There is a little gotcha in the .psl format. It has to do with how coordinates are handled on the negative strand. In the qStart/qEnd fields the coordinates are where it matches from the point of view of the forward strand (even when the match is on the reverse strand). However on the qStarts[] list, the coordinates are reversed.

 

Here's an example of a 30-mer that has 2 blocks that align on the minus strand and 2 blocks on the plus strand (this sort of stuff happens in real life in response to assembly errors sometimes).
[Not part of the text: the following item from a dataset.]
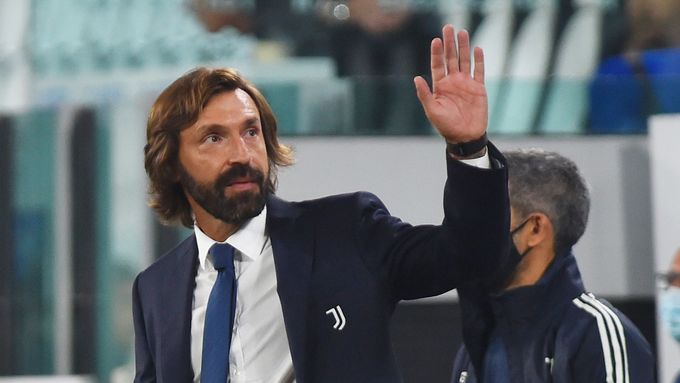 Andrea Pirlo prožil na lavičce Juventusu vítěznou soutěžní premiéru.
0         1         2         3 tens position in query
0123456789012345678901234567890 ones position in query
            ++++          +++++ plus strand alignment on query
    --------    ----------      minus strand alignment on query

Plus strand:
     qStart 12 qEnd 31 blockSizes 4,5 qStarts 12,26
Minus strand:
     qStart 4 qEnd 26 blockSizes 10,8 qStarts 5,19

Essentially the minus strand blockSizes and qStarts are what you would get if you reverse complemented the query.However the qStart and qEnd are non-reversed. To get from one to the other:
     qStart = qSize - revQEnd
     qEnd = qSize - revQStart

Limits

The gfServer program requires approximately 1 byte for every 3 bases in the genome it is indexing in DNA mode, and 1.5 bytes for each unmasked base in translated mode. The blat program requires approximately two bytes for each base in the genome in DNA mode, and three bytes for each base in translated mode. The other programs use relatively little memory.